Applying the quality control method to the synthetic mixtures proved to be an effective means of identifying difficulties in comparing data sets among the biological samples. Three data sets were identified as potential outliers. These were the same sets as were identified in the original study as exhibiting issues such as peak shifting and incomparable features. In the original study, these three data sets prevented a full interlaboratory analysis from being conducted. That is, the NMR spectra across all data sets could not be compared. Once these data sets were removed from consideration, a principal components analysis was able to separate the biological samples according to their exposure to pollutants. That the algorithm presented here is able to identify these data sets without expert intervention lends credence to its relevance to other studies.

In order to test whether the study of the synthetic mixtures is necessary, the method was applied to the biological samples only. In this case, the set of outliers was smaller, and the principal components analysis did not result in a clean separation between the exposed and control groups.
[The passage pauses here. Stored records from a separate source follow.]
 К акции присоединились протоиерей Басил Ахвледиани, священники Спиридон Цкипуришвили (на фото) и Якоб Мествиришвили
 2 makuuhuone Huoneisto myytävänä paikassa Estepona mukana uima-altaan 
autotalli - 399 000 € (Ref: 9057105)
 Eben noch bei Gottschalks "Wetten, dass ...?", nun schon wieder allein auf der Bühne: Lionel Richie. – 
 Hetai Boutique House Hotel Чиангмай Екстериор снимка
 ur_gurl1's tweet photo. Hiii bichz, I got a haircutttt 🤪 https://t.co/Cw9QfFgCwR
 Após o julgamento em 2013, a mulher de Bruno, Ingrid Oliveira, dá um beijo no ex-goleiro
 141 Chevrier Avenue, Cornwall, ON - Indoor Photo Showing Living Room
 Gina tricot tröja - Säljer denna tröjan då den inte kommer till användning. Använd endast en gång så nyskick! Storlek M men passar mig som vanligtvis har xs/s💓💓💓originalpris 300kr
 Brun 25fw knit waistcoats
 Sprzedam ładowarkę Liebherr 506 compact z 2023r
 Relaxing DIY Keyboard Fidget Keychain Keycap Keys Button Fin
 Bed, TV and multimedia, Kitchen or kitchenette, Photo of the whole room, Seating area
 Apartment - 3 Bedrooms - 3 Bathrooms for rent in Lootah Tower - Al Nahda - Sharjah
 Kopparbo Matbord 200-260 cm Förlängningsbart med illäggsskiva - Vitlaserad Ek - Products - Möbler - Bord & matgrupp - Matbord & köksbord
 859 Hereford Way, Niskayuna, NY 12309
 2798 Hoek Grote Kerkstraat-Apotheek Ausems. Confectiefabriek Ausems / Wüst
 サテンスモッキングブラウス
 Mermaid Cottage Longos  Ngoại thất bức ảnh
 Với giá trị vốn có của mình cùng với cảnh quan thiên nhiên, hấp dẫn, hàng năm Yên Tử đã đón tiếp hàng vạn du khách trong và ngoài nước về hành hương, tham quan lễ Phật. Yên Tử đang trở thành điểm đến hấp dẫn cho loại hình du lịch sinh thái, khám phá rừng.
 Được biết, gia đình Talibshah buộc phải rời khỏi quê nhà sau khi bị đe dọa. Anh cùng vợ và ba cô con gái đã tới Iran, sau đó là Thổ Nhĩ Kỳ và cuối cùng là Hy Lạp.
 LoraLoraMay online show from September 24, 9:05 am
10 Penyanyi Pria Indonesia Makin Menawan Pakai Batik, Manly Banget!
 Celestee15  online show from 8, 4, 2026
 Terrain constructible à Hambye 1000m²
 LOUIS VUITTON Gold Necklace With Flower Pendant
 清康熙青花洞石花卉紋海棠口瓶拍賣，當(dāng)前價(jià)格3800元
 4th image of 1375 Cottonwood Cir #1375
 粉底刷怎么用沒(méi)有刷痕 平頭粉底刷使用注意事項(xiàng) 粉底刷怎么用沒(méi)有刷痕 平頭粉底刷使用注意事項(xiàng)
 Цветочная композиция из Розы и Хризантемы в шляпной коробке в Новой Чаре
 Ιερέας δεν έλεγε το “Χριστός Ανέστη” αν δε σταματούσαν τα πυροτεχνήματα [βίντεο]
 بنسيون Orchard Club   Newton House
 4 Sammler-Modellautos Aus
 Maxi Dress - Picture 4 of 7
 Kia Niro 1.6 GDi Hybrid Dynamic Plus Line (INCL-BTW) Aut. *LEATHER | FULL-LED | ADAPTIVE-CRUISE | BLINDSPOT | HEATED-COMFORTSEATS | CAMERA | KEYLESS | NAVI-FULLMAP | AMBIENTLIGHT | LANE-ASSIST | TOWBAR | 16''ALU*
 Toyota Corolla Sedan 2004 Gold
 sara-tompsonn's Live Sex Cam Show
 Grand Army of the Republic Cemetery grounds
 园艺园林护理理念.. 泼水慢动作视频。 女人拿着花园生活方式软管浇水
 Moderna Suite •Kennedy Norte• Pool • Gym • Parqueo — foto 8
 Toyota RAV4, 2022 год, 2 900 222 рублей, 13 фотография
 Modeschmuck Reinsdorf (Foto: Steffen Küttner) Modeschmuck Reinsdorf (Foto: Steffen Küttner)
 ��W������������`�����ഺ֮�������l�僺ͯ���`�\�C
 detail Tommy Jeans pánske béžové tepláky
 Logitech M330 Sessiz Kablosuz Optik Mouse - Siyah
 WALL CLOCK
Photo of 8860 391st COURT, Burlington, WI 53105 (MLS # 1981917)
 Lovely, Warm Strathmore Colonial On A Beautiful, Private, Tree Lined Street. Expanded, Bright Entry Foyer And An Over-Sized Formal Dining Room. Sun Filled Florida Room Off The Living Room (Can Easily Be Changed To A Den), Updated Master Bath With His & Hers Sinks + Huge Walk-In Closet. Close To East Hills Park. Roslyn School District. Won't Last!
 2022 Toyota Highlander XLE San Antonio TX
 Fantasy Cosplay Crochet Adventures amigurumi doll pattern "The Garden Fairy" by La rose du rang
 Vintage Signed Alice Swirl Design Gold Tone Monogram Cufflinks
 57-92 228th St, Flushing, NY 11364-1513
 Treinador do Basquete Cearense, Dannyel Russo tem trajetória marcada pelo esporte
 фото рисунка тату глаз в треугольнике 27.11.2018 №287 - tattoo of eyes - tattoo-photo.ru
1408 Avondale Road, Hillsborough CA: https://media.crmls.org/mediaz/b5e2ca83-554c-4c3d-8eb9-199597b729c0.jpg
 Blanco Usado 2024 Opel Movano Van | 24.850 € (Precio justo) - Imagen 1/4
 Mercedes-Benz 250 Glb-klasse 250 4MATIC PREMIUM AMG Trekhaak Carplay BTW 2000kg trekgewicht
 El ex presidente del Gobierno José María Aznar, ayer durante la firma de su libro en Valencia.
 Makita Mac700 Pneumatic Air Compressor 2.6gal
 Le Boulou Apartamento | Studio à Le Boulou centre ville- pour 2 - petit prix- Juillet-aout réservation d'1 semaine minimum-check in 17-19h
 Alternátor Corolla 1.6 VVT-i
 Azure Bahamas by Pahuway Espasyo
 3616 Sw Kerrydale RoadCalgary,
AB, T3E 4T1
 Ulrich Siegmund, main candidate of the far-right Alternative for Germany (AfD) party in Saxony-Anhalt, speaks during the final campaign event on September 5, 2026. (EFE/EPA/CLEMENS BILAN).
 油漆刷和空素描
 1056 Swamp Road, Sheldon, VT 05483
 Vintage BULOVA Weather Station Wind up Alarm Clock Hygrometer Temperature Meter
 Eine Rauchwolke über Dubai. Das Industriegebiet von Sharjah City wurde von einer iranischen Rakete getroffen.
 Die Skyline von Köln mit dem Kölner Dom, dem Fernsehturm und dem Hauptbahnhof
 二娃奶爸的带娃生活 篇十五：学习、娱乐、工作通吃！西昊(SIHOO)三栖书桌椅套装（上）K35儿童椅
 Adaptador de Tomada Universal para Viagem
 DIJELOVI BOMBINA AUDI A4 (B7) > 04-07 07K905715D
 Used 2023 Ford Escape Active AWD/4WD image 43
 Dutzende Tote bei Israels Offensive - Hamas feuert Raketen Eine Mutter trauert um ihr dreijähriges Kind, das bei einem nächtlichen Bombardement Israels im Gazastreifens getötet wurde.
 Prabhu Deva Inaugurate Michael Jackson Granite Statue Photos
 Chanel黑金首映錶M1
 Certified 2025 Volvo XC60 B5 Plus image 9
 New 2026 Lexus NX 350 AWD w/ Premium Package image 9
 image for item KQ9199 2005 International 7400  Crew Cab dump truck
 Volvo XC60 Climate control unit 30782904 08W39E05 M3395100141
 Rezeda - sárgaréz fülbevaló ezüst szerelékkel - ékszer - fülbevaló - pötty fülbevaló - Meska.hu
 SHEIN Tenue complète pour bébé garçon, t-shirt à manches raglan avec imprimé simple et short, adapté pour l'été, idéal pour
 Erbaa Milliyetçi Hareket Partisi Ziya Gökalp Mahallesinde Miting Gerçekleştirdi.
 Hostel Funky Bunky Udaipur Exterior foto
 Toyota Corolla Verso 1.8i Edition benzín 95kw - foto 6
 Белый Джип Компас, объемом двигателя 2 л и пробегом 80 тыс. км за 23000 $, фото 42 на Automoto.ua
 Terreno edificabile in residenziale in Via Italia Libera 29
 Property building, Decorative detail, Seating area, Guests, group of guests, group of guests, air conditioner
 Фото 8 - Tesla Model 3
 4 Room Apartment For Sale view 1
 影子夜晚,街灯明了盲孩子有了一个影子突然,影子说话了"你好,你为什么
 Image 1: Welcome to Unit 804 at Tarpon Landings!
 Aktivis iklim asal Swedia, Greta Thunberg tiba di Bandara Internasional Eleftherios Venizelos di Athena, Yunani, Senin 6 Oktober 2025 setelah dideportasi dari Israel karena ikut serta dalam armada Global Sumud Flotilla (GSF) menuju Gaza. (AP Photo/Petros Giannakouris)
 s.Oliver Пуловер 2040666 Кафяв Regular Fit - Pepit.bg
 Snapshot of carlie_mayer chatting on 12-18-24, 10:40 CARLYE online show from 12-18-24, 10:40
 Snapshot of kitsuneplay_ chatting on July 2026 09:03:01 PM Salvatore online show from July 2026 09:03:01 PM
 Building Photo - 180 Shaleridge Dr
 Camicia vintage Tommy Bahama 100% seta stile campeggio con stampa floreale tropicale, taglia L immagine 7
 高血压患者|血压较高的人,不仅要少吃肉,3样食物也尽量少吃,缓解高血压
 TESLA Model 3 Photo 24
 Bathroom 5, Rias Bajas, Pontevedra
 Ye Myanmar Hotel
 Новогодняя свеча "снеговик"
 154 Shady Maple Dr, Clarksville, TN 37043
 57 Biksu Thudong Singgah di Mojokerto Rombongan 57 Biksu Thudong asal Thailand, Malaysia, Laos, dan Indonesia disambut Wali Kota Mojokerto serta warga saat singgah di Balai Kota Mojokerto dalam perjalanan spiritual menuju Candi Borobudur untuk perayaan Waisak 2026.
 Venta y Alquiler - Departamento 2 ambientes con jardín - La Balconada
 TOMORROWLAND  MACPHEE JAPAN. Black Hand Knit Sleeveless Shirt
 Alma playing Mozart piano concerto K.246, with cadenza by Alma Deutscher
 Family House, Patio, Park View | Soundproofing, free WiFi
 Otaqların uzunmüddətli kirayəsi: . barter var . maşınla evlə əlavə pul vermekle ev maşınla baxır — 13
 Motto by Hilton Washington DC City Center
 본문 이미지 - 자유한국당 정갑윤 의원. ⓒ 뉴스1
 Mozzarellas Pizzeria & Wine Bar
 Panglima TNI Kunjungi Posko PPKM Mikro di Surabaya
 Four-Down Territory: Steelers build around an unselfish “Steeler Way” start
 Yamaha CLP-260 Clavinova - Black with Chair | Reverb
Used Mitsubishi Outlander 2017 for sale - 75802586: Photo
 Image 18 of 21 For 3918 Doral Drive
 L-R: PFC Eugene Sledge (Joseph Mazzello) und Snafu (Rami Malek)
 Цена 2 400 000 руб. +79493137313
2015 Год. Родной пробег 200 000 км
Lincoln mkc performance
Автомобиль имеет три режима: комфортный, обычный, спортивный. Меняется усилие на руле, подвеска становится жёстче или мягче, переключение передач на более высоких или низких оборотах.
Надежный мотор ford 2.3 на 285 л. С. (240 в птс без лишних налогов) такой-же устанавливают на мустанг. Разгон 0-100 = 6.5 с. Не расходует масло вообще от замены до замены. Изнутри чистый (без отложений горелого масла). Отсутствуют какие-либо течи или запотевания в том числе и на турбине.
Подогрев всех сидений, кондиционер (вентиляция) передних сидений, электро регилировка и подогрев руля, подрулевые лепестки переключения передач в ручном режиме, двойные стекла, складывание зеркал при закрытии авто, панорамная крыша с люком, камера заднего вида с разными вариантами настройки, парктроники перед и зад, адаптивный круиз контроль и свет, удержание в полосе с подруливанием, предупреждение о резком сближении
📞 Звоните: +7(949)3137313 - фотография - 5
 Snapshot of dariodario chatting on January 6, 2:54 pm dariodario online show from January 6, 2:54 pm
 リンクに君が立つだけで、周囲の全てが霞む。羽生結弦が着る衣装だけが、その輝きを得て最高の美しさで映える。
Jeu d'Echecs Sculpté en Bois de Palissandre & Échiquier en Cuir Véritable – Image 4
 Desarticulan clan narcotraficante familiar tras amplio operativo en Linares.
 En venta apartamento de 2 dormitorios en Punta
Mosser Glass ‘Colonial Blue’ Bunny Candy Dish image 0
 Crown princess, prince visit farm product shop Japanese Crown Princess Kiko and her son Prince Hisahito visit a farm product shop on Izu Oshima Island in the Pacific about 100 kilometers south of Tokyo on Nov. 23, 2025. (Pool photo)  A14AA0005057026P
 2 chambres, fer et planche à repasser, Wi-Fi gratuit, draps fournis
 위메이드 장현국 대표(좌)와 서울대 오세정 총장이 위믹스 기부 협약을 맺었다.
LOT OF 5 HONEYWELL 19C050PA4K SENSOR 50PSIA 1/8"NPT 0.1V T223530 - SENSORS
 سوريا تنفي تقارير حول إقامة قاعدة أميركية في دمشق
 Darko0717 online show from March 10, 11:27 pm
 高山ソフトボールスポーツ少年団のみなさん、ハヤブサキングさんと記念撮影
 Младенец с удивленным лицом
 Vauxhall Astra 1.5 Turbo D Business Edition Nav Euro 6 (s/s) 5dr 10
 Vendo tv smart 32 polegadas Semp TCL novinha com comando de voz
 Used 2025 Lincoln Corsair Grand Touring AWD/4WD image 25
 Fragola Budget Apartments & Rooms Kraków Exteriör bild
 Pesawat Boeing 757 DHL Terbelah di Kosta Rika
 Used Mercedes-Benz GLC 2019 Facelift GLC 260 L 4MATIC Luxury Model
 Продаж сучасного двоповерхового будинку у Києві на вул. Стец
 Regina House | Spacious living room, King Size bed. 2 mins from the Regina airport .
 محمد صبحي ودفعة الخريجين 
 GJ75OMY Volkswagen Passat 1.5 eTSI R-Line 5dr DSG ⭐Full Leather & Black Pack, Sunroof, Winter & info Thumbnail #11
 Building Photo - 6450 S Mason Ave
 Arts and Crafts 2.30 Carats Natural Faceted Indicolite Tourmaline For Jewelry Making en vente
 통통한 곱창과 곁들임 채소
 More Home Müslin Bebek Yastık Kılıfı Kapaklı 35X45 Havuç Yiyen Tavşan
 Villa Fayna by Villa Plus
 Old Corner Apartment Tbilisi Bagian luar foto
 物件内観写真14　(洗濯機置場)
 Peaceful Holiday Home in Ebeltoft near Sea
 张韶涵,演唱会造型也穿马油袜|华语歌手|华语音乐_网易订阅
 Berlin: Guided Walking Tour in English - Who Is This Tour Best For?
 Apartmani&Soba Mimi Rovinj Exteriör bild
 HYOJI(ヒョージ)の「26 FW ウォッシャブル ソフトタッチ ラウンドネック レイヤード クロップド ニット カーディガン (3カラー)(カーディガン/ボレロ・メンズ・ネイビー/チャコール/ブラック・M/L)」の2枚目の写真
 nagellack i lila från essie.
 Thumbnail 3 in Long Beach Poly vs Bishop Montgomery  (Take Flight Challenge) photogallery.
This result underscores the utility of a set of simple mixtures as a means of process control, instead of needing to perform the analysis on the biological samples with their high chemical complexity. The spectrometric methods can easily identify process issues when using the synthetic samples with their highly-controlled compositions, but the complex and unknown composition of the biological samples serves to obscure any process issues that may arise. As a further test, the method was applied to only the biological replicate samples, and a result similar to using the synthetic samples was obtained. This means that using biological replicates for process control is possible, although the use of synthetic samples is still more robust.